Comme les musulmans de plusieurs pays, les Marocains célèbrent depuis mercredi soir Achoura, un événement de portée religieuse, spirituelle et symbolique commémoré dans la nuit du 9e au 10e jour du mois de Moharram.
Si les célébrations des musulmans de confession chiite diffèrent de ceux des sunnites, les Amazighs du royaume fêtent Achoura à leur façon.
Aux origines de la célébration d’Achoura
Au départ, Achoura était une fête religieuse juive, coïncidant avec le dixième jour de Tishrei, le 7e mois de l’année ecclésiastique du calendrier hébraïque. Lorsque le Prophète Mohammed s’est réfugié à Médine, il avait observé que la communauté juive de cette ville jeûnait ce jour-là. «On lui a dit que c’était Yom Kippour ou le grand jour de grâce», rappelant la date où Dieu a sauvé Moïse du Pharaon d’Egypte, rapporte en septembre dernier le site Taste Of Maroc, qui consacre un article à Achoura. Le Prophète a ainsi demandé aux musulmans de jeûner également. Mais afin d’éviter toute confusion entre juifs et musulmans, ces derniers ont été appelés à jeûner le 9 et le 10 Moharram.
Si Achoura est synonyme de deuil chez la communauté chiite, il est célébré par les communautés sunnites dans la joie. C’est aussi «un jour solennel où les musulmans visitent des tombes et en prient pour leurs morts».
Aux fils des années, plusieurs festivités sont apparues, sous forme de mélanges entre patrimoine culturel, pratiques ancestrales et préceptes religieux. Mais dans le royaume, l’héritage judéo-amazigh fait que les célébrations liées à Achoura diffèrent selon les régions.
Bu Wkeffus célébré à Goulmima. / Ph. Tamazgha.fr
«Oudayen n Taâchourt» à Goulmima
Comme dans d’autres contrées ayant connu autrefois une forte concentation de la communauté juive, la ville de Goulmima (province d’Errachidia) a su garder sa façon typique pour célébrer cette fête.
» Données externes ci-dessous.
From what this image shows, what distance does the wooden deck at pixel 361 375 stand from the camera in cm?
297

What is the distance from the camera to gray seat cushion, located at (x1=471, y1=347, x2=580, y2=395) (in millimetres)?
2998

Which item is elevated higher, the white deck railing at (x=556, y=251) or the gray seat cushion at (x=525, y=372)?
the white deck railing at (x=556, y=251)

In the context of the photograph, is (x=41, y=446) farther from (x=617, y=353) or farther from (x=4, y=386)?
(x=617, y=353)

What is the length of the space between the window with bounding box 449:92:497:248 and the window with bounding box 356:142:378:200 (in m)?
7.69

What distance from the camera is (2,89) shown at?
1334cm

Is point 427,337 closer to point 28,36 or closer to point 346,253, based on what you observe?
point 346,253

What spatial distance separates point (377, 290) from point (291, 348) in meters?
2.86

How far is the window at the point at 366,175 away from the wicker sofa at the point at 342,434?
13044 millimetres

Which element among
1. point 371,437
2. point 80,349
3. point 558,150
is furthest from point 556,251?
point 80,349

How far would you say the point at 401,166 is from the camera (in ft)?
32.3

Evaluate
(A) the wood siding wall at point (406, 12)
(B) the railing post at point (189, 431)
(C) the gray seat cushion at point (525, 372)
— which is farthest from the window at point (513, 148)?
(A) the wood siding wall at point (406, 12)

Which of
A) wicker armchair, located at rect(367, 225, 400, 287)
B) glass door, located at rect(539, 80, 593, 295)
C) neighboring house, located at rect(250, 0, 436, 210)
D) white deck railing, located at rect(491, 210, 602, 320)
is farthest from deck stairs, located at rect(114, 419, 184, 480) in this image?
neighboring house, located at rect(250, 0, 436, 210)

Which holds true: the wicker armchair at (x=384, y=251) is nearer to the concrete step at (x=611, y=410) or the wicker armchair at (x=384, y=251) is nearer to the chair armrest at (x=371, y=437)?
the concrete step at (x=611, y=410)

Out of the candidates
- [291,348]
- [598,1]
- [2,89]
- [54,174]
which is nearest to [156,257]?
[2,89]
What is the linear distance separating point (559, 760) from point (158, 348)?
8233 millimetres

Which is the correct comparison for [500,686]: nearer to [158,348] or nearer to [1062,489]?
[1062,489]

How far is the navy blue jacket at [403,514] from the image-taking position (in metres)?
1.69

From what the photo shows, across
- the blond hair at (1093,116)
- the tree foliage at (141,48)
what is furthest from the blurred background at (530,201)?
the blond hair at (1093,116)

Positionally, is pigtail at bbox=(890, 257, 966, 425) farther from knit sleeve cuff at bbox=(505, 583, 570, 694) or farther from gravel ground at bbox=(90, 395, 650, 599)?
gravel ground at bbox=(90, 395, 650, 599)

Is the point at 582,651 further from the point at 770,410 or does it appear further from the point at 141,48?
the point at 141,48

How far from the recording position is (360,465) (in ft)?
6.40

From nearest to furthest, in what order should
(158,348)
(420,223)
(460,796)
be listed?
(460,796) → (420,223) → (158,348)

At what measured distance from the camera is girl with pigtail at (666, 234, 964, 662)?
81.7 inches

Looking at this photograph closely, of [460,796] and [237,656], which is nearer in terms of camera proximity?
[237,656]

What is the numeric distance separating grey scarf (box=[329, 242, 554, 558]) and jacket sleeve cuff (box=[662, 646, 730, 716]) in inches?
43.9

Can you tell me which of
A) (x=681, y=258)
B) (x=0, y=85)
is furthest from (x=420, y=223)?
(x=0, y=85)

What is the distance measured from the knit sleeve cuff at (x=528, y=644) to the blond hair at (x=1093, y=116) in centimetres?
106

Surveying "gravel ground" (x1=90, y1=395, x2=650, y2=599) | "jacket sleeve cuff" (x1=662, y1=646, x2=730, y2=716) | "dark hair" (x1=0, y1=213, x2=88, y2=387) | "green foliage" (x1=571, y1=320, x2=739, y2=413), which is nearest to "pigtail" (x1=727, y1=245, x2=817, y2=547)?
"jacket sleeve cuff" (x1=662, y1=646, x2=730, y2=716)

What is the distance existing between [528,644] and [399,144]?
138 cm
La ville abrite annuellement un carnaval appelé «Bu Wkeffus», connu également sous le nom «Oudayen n Taâchourt» (qui signifie «le Juif d’Achoura») ou encore «Bou-ihitar», comme le précise le site Tamazgha, basé en France. «A l’origine, Bu Wkeffus était une fête animée par les Juifs berbères qui mettaient à cette occasion annuelle des masques en bois de palmier, en peaux de moutons ou enduisaient simplement leurs visages avec de la suie (akeffus), d’où le nom Bu Wkeffus pour le carnaval», écrit-il.
Bu Wkeffus célébré à Goulmima. / Ph. Tamazgha.fr
Moha Oustouh, chercheur dans la culture et l’histoire de la vallée de Ghriss et l’oasis de Goulmima, confirme cette information. Dans une déclaration à l’agence MAP, il précise qu’il s’agit d’«une ancienne tradition héritée d’une importante communauté juive ayant longtemps habité dans la région dans sa partie basse». «Plusieurs troupes sillonnent le ksar et la grande place où elles se succèdent durant toute la nuit, au grand bonheur des habitants, hommes, femmes et enfants», explique-t-il.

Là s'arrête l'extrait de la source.